Vincci Hoteles, SA, established in Alcobendas (Spain),

ACTION brought against the decision of the First Board of Appeal of OHIM of 25 November 2010 (Case R 641/2010‑1), relating to opposition proceedings between Vincci Hoteles SA and Nanu-Nana Joachim Hoepp GmbH & Co. KG,

THE GENERAL COURT (Eighth Chamber),

composed of D. Gratsias (Rapporteur), President, M. Kancheva and C. Wetter, Judges,

Registrar: I. Dragan, Administrator,

having regard to the application lodged at the Court Registry on 16 February 2011,

having regard to the response lodged at the Court Registry on 20 May 2011,

having regard to the order of 14 July 2011 staying the proceedings,

having regard to the change in the composition of the Chambers of the General Court and the reassignment of the case to the Eighth Chamber,

having regard to the order of 20 November 2013 staying the proceedings,

further to the hearing on 26 March 2015,

gives the following

Judgment

 Background to the dispute

1        On 22 August 2007, the applicant, Nanu-Nana Joachim Hoepp GmbH & Co. KG, filed an application for registration of a Community trade mark with the Office for Harmonisation in the Internal Market (Trade Marks and Designs) (OHIM) pursuant to Council Regulation (EC) No 40/94 of 20 December 1993 on the Community trade mark (OJ 1994 L 11, p. 1), as amended (replaced by Council Regulation (EC) No 207/2009 of 26 February 2009 on the Community trade mark (OJ 2009 L 78, p. 1)).

2        Registration as a mark was sought for the word sign NANU.

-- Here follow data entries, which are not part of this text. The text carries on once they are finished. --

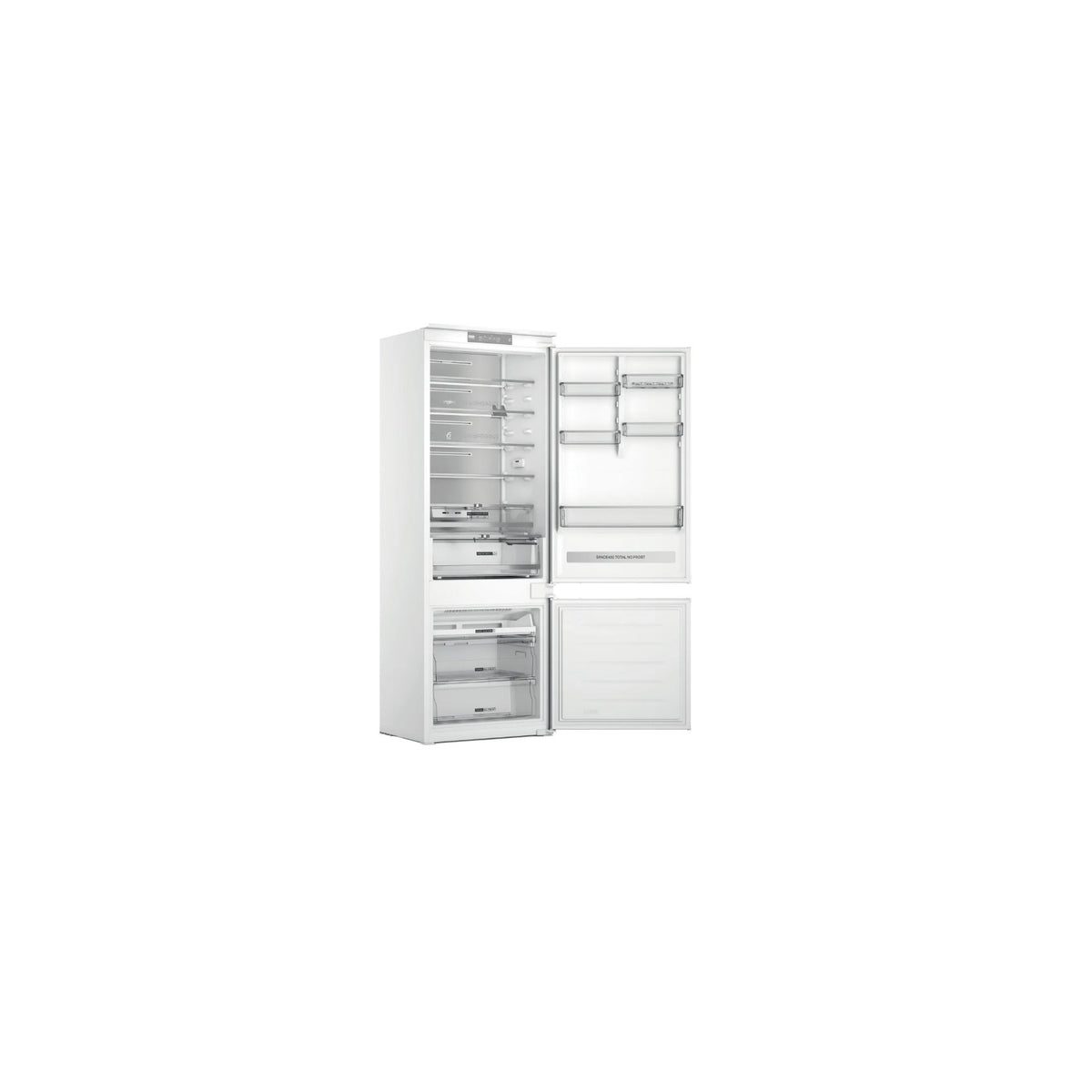 WHIRLPOOL WH SP70 T132 FRIGORIFERO COMBINATO DA INCASSO 70CM TOTAL NO FROST 394LT CLASSE D - WHSP70T132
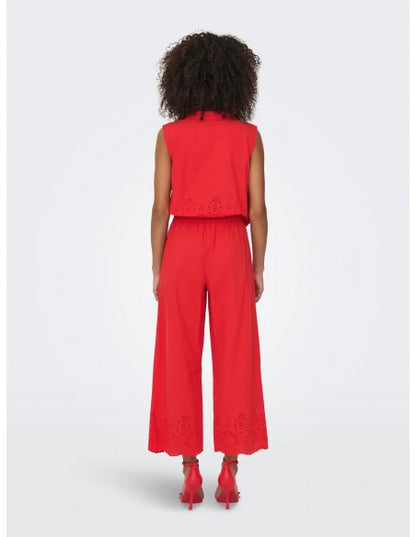 Pantalón Troquelado ROXANNE ONLY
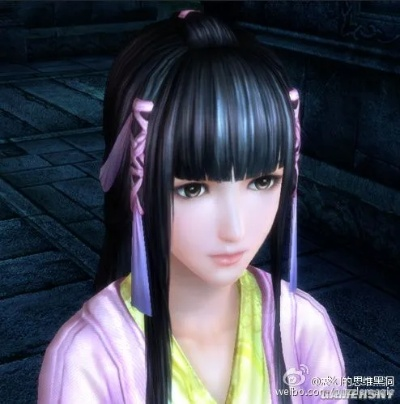 《仙剑5前传》新萝莉女主曝光：轻灵仙子美翻玩家心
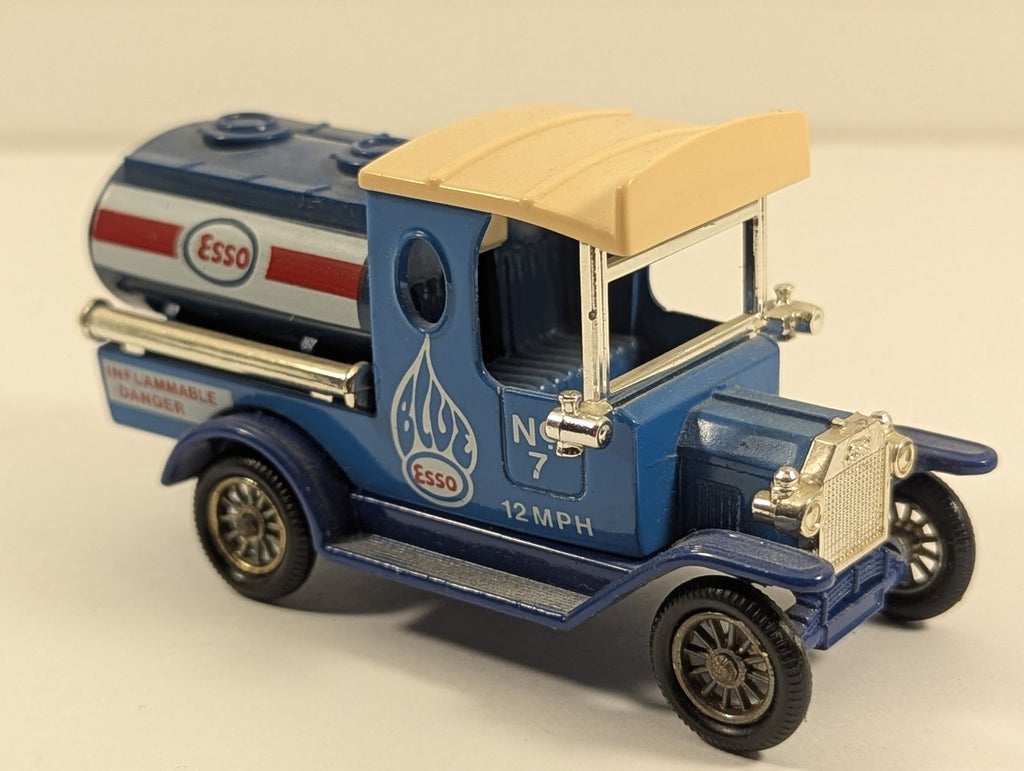 Lledo Ford Model T Tanker Die-cast Model Tanker 7 Esso Blue DG6-8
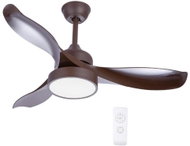 Globo - LED ceiling fan 1xLED/18W/230V + remote control - Fan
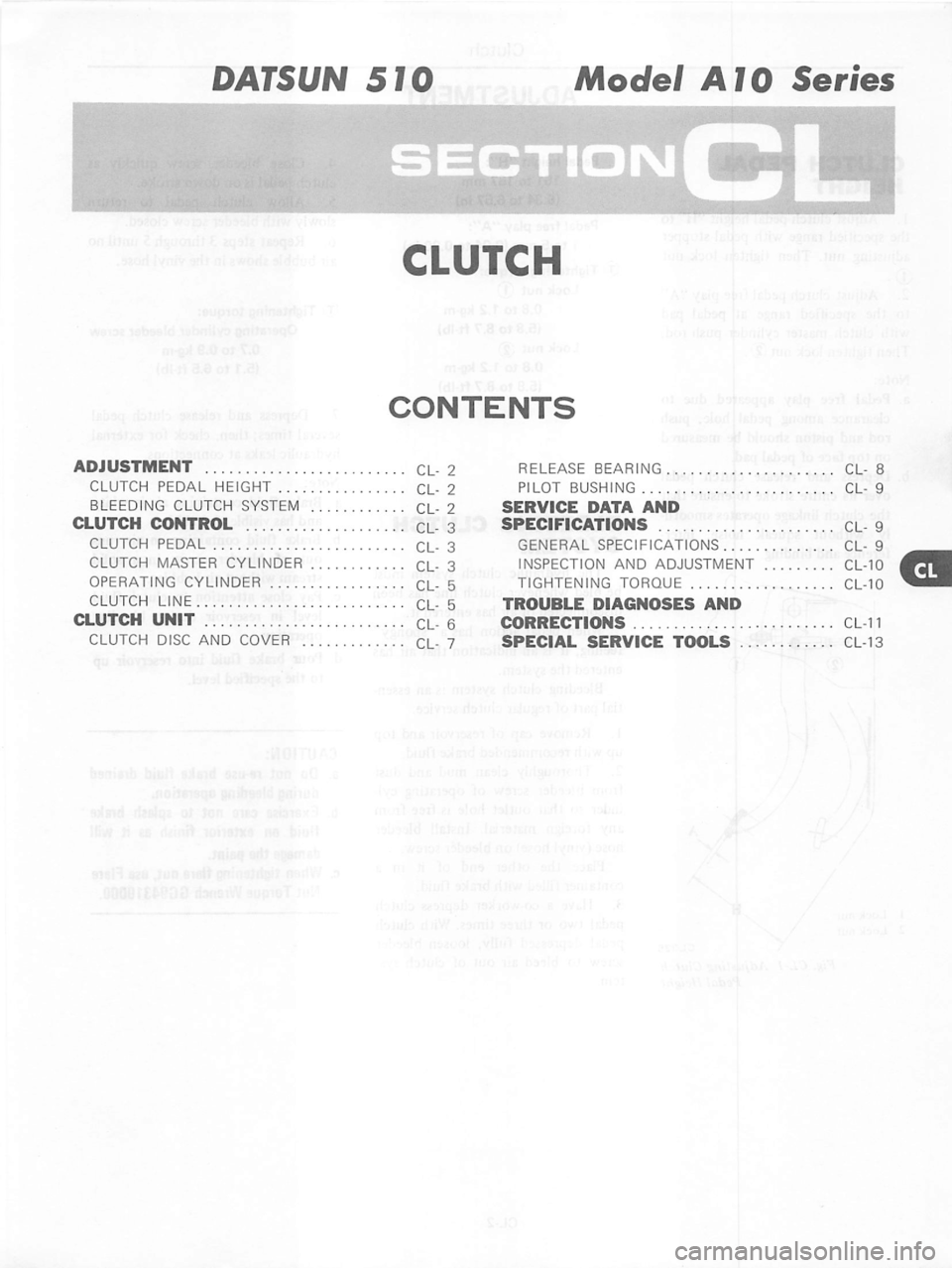 DATSUN 280Z 1977  Service Repair Manual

3        The goods and services in respect of which registration was sought are in Classes 3, 4, 6, 9, 16, 18, 20, 21, 24, 26 and 35 of the Nice Agreement concerning the International Classification of Goods and Services for the Purposes of the Registration of Marks of 15 June 1957, as revised and amended, and correspond, for each of those classes, to the following description:

–        Class 3: ‘Cosmetics, scented oils and perfume oils, hair lotions; potpourris (fragrances)’;

–        Class 4: ‘Candles’;

–        Class 6: ‘Metal tins; money boxes of metal; decorative articles of metal’;

–        Class 9: ‘Sunglasses; mobile phone holders being accessories for mobile telephones; decorative magnets and magnetic walls; batteries’;

–        Class 16: ‘Paper and cardboard and goods made from those materials (included in Class 16), stationery, postcards, hinged cards, papier maché, posters, calendars, pamphlets, newspapers; periodicals; artists’ materials, in particular paint boxes, paintbrushes, crayons, pictures; decorative articles of paper and cardboard; toilet paper’;

–        Class 18: ‘Leather and imitations of leather, and goods made of these materials (included in Class 18); bags of all kinds (included in Class 18); wallets, purses; cases of all kinds (included in Class 18); umbrellas, parasols and walking sticks; travel requisites and parts therefor (included in Class 18)’;

–        Class 20: ‘Furniture, mirrors, picture frames; goods, included in Class 20, of cork, reed, cane, wicker, horn, bone, ivory, shell, amber, mother-of-pearl, meerschaum; in particular waste paper baskets, linen bins, bread baskets, animal transport baskets; dolls’ furniture; wooden flowers, wood boxes; household requisites, namely coatstands, newspaper display stands, curtain rods; cushions; scarecrows of straw; straw dolls; mannequins; hand mirrors (cosmetic mirrors, toilet mirrors); inflatable figurines; wind and bell chimes, being decorative articles; decorative articles of wood; cork and plant braiding; dressing tables’;

–        Class 21: ‘Candlesticks, glassware, porcelain, earthenware (included in Class 21), household items, namely storage containers, stoves, butter dishes, salt and pepper mills, trays, dustbins; kitchen utensils, namely cooking spoons, storage baskets, kitchen scales, strainers, whisks, skimmers, fish slices, corkscrews, bottle openers; dishes; stands for bowls; garden vessels, flower pots, bins; money boxes of plastic; toilet cases, toilet utensils, non-electric appliances for removing make-up, hair brushes, nail brushes, perfume sprayers, powder cases (not of precious metal), shaving brushes and shaving brush stands, toilet paper holders, toothbrushes and dental floss; decorative articles of plastic, glass, porcelain, earthenware; non-metal piggy banks’;

–        Class 24: ‘Bed and table covers; textile goods; cushion covers; bed pads; fitted toilet lid covers’;

–        Class 26: ‘Artificial flowers’;

–        Class 35: ‘Retail services, namely in the field of gift articles for household purposes and daily use, household articles, stationery, decorative articles, clothing, jewellery and costume jewellery, perfumery, bags, shoes, novelty articles, games and playthings, and in the field of arts and crafts, and tea; mail order services, namely in the field of gift articles for household purposes and daily use, household articles, stationery, decorative articles, clothing, jewellery and costume jewellery, perfumery, bags, shoes, novelty articles, games and playthings, and in the field of arts and crafts, and tea; services in connection with the import and export of goods; presentation of goods for advertising purposes.’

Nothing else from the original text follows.